Hi Everyone. It’s a light news week, and so we’re announcing a new initiative today. Through all our content efforts, we increasingly strive towards shaping Naavik into becoming a platform for games industry professionals to showcase their thoughts, opinions and analysis with the wider industry.
As a next step towards that goal, we’re announcing our first-ever essay contest! This will run from September 18th to October 17th, and we’ll feature the top three essays and any honorable mentions in the newsletter and on our website. Additionally, there are cash prizes: 1st place, $1000; 2nd place, $500; 3rd place, $250. And members of the Naavik team will not only act as judges, but will also provide the finalists hands-on support and feedback to get their essays ready for publishing.
Why participate? Well, our past and current writers have experienced the following upsides:
- Growing your personal brand by writing and learning in public
- Working with our team to level up your work, and reinvesting those learnings into your current job and future pieces of work
- Opening up more opportunities to get involved with Naavik, while creating new opportunities to accelerate your games industry career
Whether you’re hoping to dip your toes in games analysis for the first time or are an experienced writer, we’d love for you to participate and are excited to read your work. You can submit your interest here and please be sure to check out the contest guidelines here. We’ll send out reminders periodically in the newsletter to keep you on pace. Good luck!
This Week on The Metacast
- Scopely acquires Stumble Guys: What is behind the success of a Fall Guys clone?
- Ubisoft’s Growth Strategy: How can a AAA behemoth unlock long-term growth?
- Roblox & User-Generated Platforms: Is Roblox pursuing the most valuable bets?
Reviewing Japanese Gaming’s Latest Headlines
The last few weeks have been a constant flurry of news from Japan’s largest game developers. The combination of a new Nintendo Direct, Playstation State of Play and The Tokyo Game Show have captured my attention, filling my feed with announcements and trailers. The events provide an ideal opportunity to evaluate the state of each company’s performance after an earnings season that largely has been filled with less than ideal outcomes. Let’s explore a bit further:
Nintendo Directs seem to always draw consumer attention, and this week’s showcase was no different. Filled with a combination of first and third-party news, the headlines from the event can be broken down into three categories:
- Core IP: The biggest money-maker for Nintendo, the Direct included announcements for Pikmin 4 and the latest entry into the Fire Emblem franchise. It also included a title & announcement date for the latest Zelda game
- Ports, and DLC: Nintendo has a history of porting games that have landed well on other platforms in an attempt to bolster the Switch’s library. Tunic, Factorio, and It Takes Two are the latest to receive the treatment after being announced this week. The company also continued to push its DLC model with new content for Mario Kart 8 Deluxe, Mario Strikers, Nintendo Switch Sports, and Xenoblade Chronicles 3.
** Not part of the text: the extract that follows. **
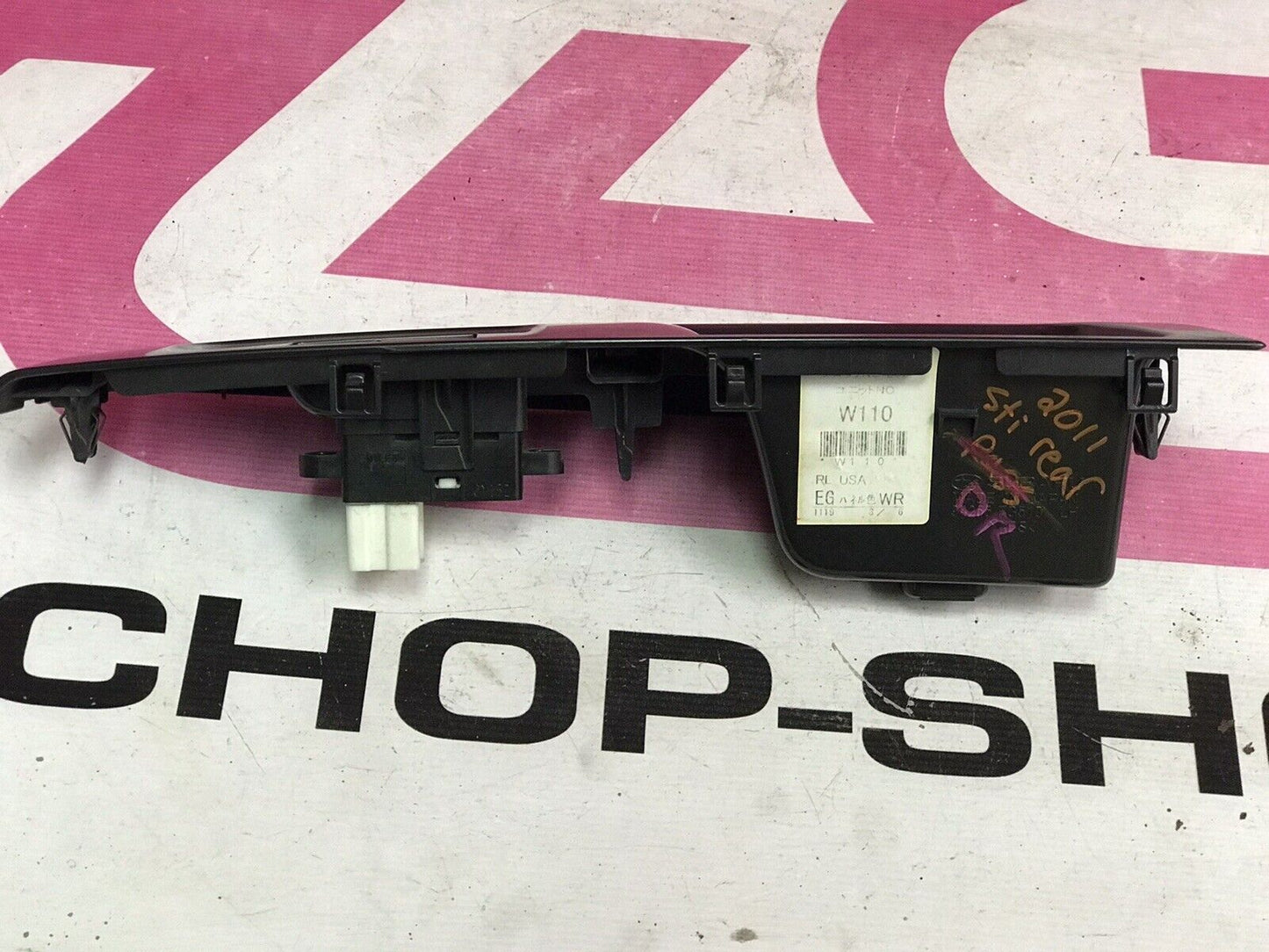 2008-2014 Subaru Impreza WRX STi Window Switch and Trim Rear LH Driver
- Everything Else: The remainder of the event was punctuated with a mix of JRPGs, farming simulators and remasters. Titles like Octopath Traveler II, Bayonetta 3, and Mario + Rabbids headlined the group.
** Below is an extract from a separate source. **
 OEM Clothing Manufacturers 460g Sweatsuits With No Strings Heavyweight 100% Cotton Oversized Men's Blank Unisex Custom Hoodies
When I covered Nintendo’s earnings earlier this year, I wrote that the company’s investment into non-video game revenue streams was a step in the right direction. While I still feel that Nintendo’s over-reliance on first-party titles can only take them so far, revisiting the numbers a few months later has yielded impressive results. Splatoon 3, which was released last week, has already become the fastest selling game in Nintendo’s history in the Japanese market. Meanwhile, the company continues to dominate in both hardware and software in Japan, as compared to Sony.
It's encouraging to see that the company is still setting new highs with a six year old console despite the slow clip at which they release new games and a 22.9% decrease in console sales this quarter. Even if it might not be a core focus, the success of game like Splatoon 3 illustrates the opportunity ahead for Nintendo with third-party IP. Meanwhile, investments in mobile games, merchandise, theme parks and movies (each of which were brought up during the Direct) continue to grow. It's clear the Nintendo competitive advantage is alive and well — let’s see if any of the company’s newer bets will pay off.
Playstation State of Play
On the other side of the coin, Sony has taken a different approach to its on-demand game showcases, foregoing the Nintendo style laundry list in favor of a smaller selection of news. This week’s event was no exception, and included a few bits of noteworthy info:
- The Heavy Hitters: Unsurprisingly, fans were treated to new trailers for games like Hogwarts Legacy and God of War: Ragnarok.
- New Games: New titles like Tekken 8 and Team Ninja’s next game, Rise of Ronin, supplemented the event’s jazzier trailers and generated a bit of excitement. The show also had announcements for new games from Ironwood Studio and Shift Up Corp.
- Playstation Stars: Perhaps most intriguing a first look at Playstation Stars, the company’s digital collectables (not NFTs) rewards program. The first round of rewards are planned to be digital models of old school Sony systems and characters.
It has been interesting to examine Playstation’s strategy following Microsoft’s acquisition spree over the last few years. The company is clearly feeling the pressure of Game Pass and is taking steps to mitigate any risk, including increasing their output of PC ports, launching a subscription offer, and starting to allow cross play. They’ve also been aggressive in trying to slow down progress in the Microsoft-Activision Blizzard deal. Statements from Playstation CEO Jim Ryan calling Microsoft’s exclusivity offers “inadequate” and an ongoing custody battle to define how essential Call of Duty is to a console are just the latest in a series of roadblocks.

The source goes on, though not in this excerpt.